**What you should do:**
Please reproduce the data exactly and omit the pictures.
═════ Collected material ═════
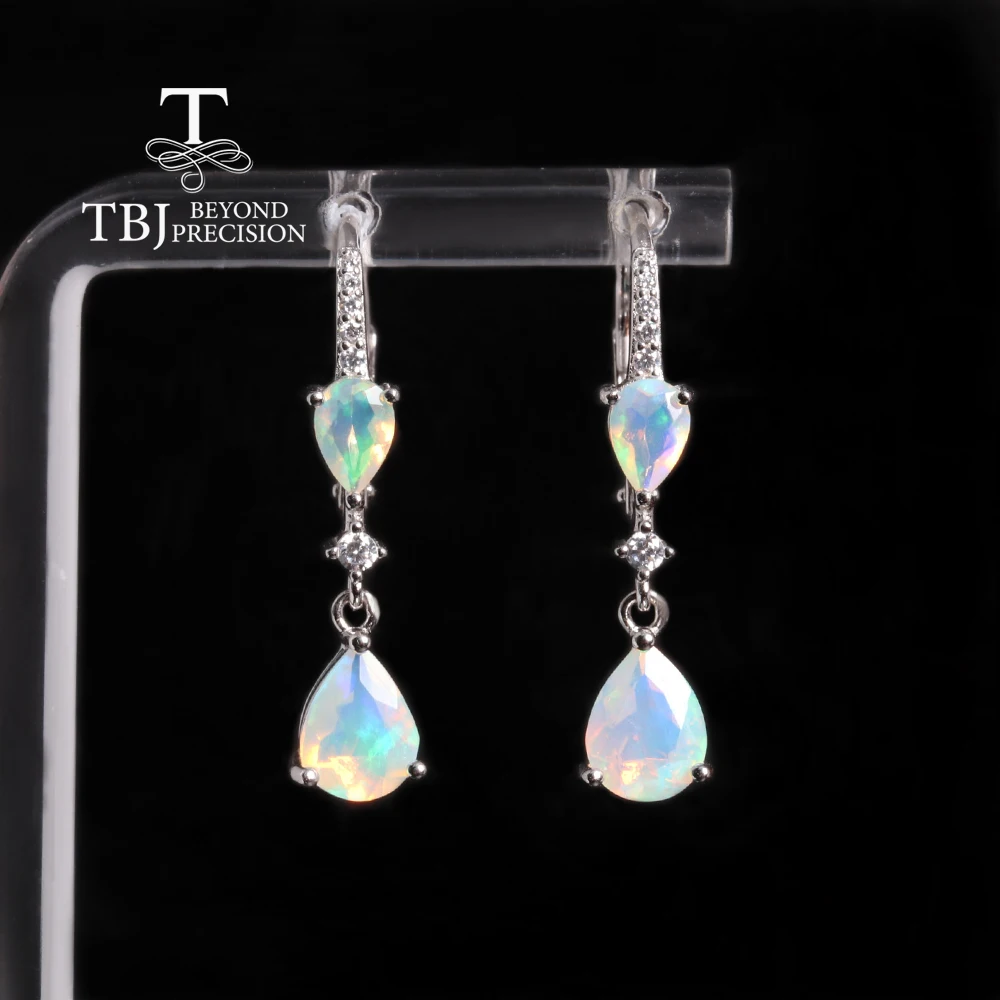 Luxury precious October Birthstone natural Opal Earrings 925 sterling silver fine jewelry birthday gift for women and girls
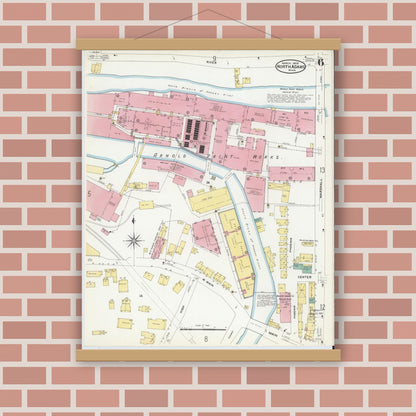 Old map wall art mockup — magnetic wood frame on brick wall — Sanborn Fire Insurance Map from North Adams, Berkshire County, Massachusetts (1908), Sheet #0006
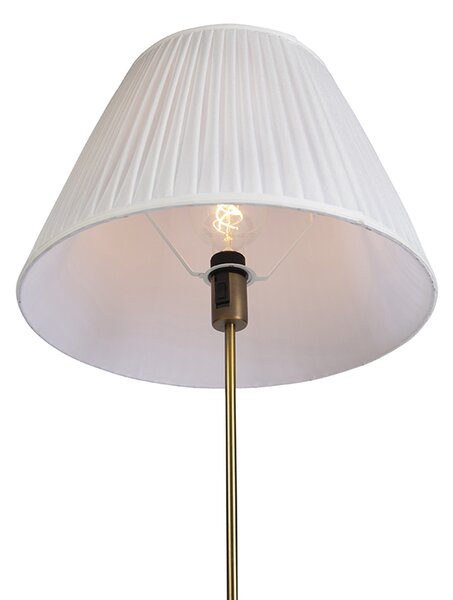 Lampa stojąca brązowa z plisowanym abażurem kremowym 45 cm regulowana - Parte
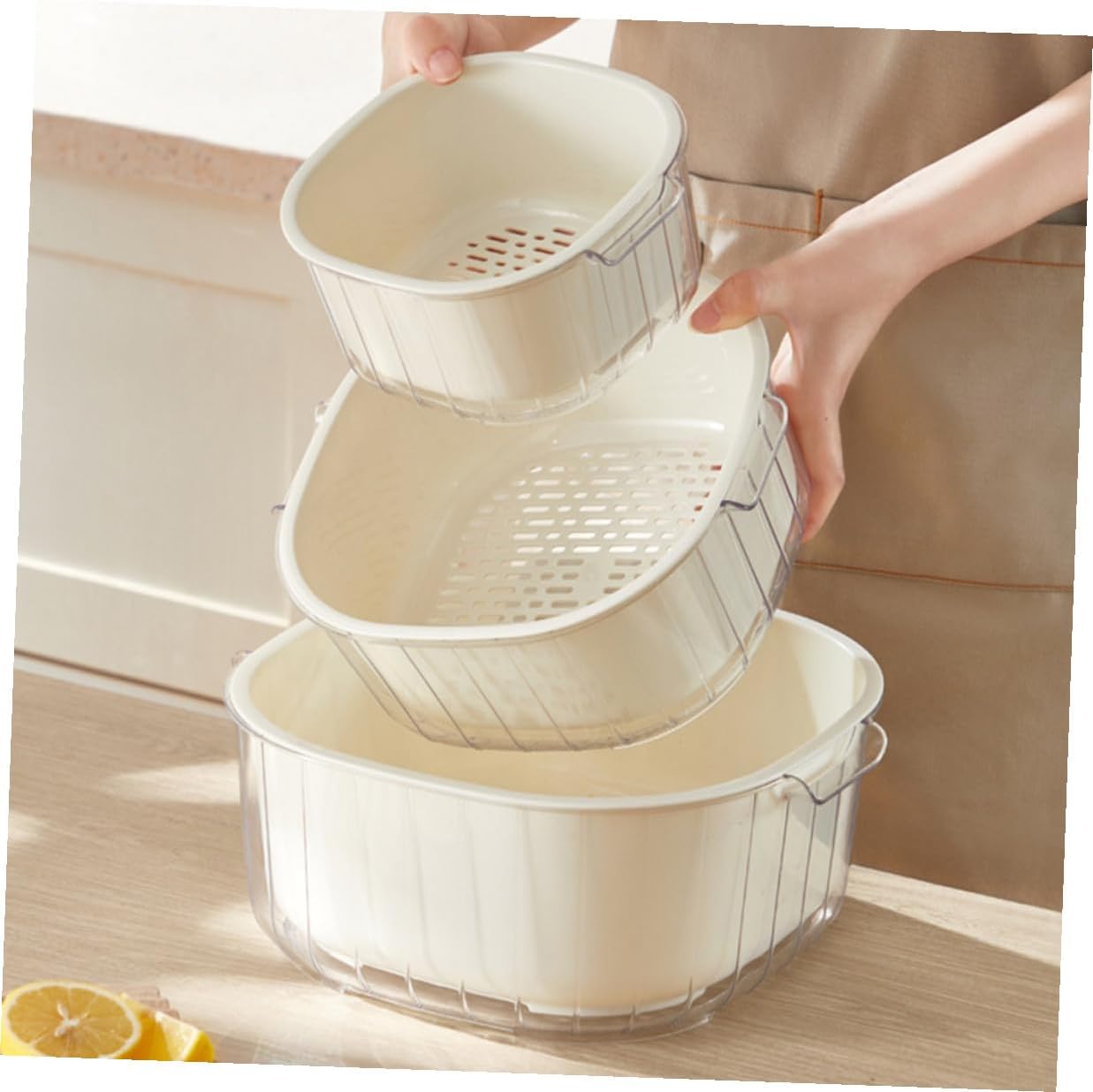Angoily 3Pcs Detachable Double Draining Basket with Handles for Kitchen Washing Thickened Washing Baskets for Fruits Vegetables and Household Use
═════
**Finished exercise:**
 Luxury precious October Birthstone natural Opal Earrings 925 sterling silver fine jewelry birthday gift for women and girls
 Old map wall art mockup — magnetic wood frame on brick wall — Sanborn Fire Insurance Map from North Adams, Berkshire County, Massachusetts (1908), Sheet #0006
 Lampa stojąca brązowa z plisowanym abażurem kremowym 45 cm regulowana - Parte
Angoily 3Pcs Detachable Double Draining Basket with Handles for Kitchen Washing Thickened Washing Baskets for Fruits Vegetables and Household Use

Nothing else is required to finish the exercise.